As Internet traffic grew, that quickly became impractical for a number of reasons. CAs have changed to the model we see today, where nearly all TLS certs are issued by intermediate CAs. There are a few dozen trusted root CAs, whose certificates are hard-coded into your browsers and operating systems. Those rarely, if ever, sign individual server certificates. Instead, they sign other CA certificates ("intermediate certificates"). Those certificates, in turn, are what are used to sign individual server certificates. To show that your individual server certificate is trusted, your browser needs to see a chain of trust back to a root certificate it trusts.

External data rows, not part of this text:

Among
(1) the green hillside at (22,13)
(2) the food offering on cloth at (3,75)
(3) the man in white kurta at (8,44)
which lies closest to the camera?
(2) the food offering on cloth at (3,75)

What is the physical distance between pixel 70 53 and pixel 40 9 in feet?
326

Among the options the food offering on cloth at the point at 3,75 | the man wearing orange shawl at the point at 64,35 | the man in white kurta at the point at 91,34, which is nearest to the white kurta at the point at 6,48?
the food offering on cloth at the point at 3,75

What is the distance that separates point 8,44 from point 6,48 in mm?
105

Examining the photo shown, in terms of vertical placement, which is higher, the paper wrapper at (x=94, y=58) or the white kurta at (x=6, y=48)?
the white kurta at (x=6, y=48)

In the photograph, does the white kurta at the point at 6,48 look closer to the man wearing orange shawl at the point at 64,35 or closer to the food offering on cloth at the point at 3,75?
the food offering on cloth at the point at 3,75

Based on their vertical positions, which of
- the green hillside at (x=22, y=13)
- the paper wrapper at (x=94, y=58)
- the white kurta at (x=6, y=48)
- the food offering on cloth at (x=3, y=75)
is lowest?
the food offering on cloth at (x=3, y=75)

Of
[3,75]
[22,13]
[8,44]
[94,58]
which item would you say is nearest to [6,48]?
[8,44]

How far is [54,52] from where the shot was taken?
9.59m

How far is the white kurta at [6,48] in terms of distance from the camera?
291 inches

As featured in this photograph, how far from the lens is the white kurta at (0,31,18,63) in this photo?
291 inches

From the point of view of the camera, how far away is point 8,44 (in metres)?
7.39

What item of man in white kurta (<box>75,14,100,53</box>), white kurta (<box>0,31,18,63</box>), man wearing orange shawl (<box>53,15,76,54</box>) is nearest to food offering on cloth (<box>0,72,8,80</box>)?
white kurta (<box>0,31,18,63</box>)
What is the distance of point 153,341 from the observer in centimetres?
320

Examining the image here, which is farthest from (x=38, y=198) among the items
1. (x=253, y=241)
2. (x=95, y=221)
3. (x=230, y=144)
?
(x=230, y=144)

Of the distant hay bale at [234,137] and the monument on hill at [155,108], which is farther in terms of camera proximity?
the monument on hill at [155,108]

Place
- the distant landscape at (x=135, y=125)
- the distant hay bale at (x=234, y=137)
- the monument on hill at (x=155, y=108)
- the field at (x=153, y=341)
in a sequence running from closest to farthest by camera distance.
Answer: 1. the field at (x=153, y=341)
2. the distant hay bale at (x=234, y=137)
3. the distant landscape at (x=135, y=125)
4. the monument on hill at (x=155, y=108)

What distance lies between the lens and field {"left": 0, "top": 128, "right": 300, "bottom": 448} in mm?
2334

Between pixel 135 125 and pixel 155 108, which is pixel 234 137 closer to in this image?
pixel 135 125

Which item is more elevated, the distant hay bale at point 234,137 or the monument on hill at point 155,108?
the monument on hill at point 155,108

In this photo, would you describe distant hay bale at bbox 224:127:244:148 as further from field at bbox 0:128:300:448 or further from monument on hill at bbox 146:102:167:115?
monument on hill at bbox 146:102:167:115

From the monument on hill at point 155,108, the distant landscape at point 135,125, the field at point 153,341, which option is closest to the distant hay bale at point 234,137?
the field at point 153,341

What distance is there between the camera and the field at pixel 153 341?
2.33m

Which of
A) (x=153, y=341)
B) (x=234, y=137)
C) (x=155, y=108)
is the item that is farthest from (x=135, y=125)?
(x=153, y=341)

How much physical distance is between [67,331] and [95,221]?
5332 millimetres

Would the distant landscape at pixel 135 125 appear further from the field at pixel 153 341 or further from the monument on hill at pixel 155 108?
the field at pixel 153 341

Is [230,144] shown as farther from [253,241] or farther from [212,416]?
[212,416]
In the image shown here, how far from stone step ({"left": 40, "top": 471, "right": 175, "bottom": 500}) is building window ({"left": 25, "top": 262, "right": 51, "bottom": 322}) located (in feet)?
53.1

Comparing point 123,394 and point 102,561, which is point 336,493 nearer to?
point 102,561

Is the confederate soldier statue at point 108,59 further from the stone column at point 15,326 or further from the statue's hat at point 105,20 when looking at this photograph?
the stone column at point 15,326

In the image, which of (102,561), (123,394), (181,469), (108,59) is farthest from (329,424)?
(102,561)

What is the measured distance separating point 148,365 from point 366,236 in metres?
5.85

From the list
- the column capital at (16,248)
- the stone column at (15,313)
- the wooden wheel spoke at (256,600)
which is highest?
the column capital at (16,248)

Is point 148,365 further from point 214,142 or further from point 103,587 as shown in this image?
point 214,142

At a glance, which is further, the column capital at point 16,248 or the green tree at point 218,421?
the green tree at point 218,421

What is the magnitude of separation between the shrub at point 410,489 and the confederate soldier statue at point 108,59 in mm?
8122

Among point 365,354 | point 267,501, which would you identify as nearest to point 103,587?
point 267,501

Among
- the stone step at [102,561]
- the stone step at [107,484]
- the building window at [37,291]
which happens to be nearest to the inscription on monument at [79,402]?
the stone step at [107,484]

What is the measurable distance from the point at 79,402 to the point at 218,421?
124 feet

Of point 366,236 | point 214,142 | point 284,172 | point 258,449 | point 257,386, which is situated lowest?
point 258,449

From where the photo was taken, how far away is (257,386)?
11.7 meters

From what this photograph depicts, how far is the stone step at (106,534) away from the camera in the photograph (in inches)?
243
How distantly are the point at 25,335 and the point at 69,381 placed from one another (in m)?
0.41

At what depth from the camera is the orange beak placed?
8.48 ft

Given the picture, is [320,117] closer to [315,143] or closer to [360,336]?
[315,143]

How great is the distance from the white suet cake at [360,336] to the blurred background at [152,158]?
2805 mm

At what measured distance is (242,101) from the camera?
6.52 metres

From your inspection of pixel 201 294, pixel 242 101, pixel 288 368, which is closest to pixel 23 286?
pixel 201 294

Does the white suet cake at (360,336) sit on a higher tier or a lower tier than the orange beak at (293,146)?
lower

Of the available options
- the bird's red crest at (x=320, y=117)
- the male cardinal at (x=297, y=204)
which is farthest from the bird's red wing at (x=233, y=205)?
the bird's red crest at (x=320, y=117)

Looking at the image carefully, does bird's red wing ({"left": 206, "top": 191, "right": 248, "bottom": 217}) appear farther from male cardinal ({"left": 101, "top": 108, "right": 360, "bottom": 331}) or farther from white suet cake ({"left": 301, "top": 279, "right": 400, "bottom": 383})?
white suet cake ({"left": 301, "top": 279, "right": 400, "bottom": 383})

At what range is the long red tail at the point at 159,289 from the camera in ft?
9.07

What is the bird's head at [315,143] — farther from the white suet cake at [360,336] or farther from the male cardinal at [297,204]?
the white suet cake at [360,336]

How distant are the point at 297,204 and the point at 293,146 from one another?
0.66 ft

In your case, your certificate for adhdservers.com was signed by one of Comodo's intermediate CA certificates, Comodo RSA Domain Validation Secure Server CA. That certificate was signed by another of Comodo's intermediate CA certificates, COMODO RSA Certification Authority. That certificate, in turn, was signed by a completely different root CA, AddTrustExternalCARoot, which is presumably (hopefully) trusted by your browser.

When you browse to https://adhdservers.com, your FreeNAS box presents a certificate saying, in effect, "Comodo RSA Domain Validation Secure Server CA says I'm legitimate." The error message your seeing is saying, "great, but who's
Comodo RSA Domain Validation Secure Server CA?" To correct that error, you need to serve the cert for Comodo RSA Domain Validation Secure Server CA, as well as the cert for COMODO RSA Certification Authority.

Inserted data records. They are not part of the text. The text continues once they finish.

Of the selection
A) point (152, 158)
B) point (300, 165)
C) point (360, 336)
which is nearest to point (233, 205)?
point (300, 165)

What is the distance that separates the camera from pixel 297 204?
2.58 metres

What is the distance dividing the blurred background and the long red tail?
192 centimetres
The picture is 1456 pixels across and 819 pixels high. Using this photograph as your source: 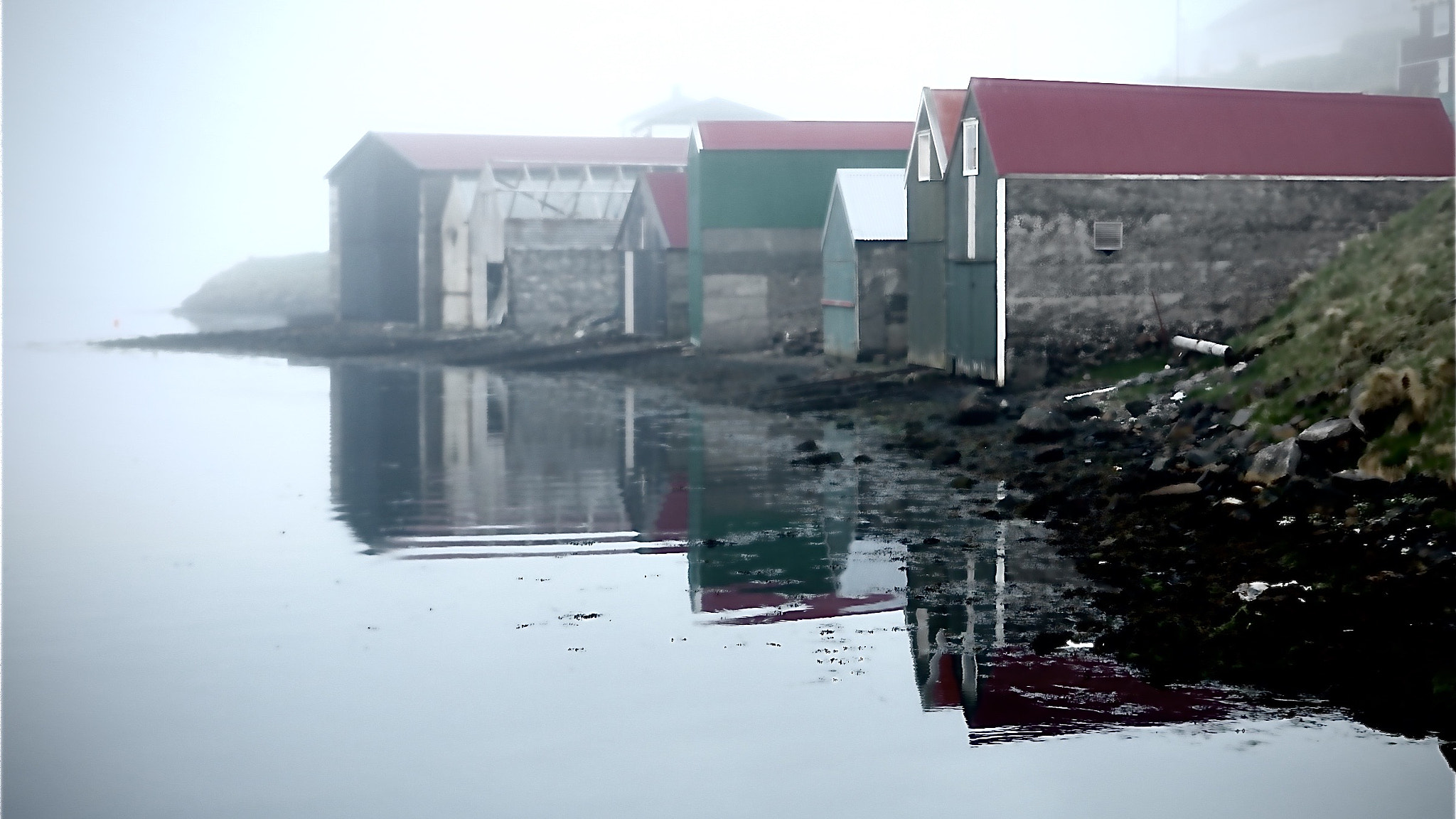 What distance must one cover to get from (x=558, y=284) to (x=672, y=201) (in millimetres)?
6948

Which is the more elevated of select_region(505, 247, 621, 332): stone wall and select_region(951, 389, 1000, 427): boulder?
select_region(505, 247, 621, 332): stone wall

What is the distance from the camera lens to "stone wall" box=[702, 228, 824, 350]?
42750mm

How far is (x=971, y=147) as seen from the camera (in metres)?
29.6

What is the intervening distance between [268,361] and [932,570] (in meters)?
37.8

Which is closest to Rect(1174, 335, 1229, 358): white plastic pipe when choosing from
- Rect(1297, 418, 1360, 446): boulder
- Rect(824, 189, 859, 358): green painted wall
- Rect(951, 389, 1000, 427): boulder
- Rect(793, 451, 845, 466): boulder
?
Rect(951, 389, 1000, 427): boulder

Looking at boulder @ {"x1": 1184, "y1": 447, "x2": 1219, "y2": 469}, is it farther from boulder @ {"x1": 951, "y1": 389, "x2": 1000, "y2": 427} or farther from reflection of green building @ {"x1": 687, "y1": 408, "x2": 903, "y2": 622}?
boulder @ {"x1": 951, "y1": 389, "x2": 1000, "y2": 427}

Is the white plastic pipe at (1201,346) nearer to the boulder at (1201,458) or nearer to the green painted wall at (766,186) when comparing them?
the boulder at (1201,458)

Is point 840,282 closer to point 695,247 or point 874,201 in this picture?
point 874,201

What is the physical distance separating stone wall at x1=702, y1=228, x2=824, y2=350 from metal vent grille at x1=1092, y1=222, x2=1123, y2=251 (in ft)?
48.6

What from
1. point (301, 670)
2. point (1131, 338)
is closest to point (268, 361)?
point (1131, 338)

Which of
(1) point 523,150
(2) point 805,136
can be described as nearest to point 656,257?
(2) point 805,136

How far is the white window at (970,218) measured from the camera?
29.7 metres

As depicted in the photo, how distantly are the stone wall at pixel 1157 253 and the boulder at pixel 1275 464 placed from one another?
1205cm

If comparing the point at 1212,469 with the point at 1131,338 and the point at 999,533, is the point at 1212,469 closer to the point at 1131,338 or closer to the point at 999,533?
the point at 999,533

The way you do that with nginx (the web server software used by FreeNAS) is to put all the (three, in your case) certificates together. If you have four, the fourth is probably the root, which isn't needed, but isn't likely to hurt anything. If all the certs are together in the cert file given to nginx, it will serve them properly, and things will be good. The problem is that FreeNAS got a little too clever parsing the input in the web GUI, and took only the first certificate pasted into that field, discarding anything else. They say they've fixed the bug, but what you're seeing suggests they may not have.

 

[toyebox]

that was a fantastic explanation!! that made a lot of sense.

so as I know, we are not supposed to change things via CLI if they can be done in the GUI, correct? but, what if I manually create the certificate file via the CLI?

also, should I try creating a new certificate?

edit: why does it work sometimes? or when I first make a certificate?

 

[toyebox]

so question.. why is it highly advised to not expose my freenas machine to the Internet?

 

[danb35]

In short, because it isn't designed for it. Some services (like the web GUI) could be hardened to the point where they'd be reasonably safe to expose, but haven't been, because that just isn't one of the design goals of the system. Some services (like SSH) are already pretty robust. Still others simply have no hope of being secure.

 

[snaptec]

To give a solution, ssh is the way to connect from Internet. Just tunnel the webinterface to a local Port. If you ever need the webgui remotely


Gesendet von iPhone mit Tapatalk

 

[danb35]

ssh is the way to connect from Internet.

I wouldn't agree that it's the way, but it's definitely a secure way, when it's set up properly. The other secure way is through a VPN. I favor the VPN, but both are good options.

 

[snaptec]

Lets say Most Common way for a single Server. If there are a couple of servers you're right, vpn is the way to go


Gesendet von iPhone mit Tapatalk

 

[danb35]

@toyebox, on your FreeNAS machine, take a look in /etc/certificates at the .crt file. Does it have all the BEGIN CERTIFICATE/END CERTIFICATE blocks that you entered in the web GUI?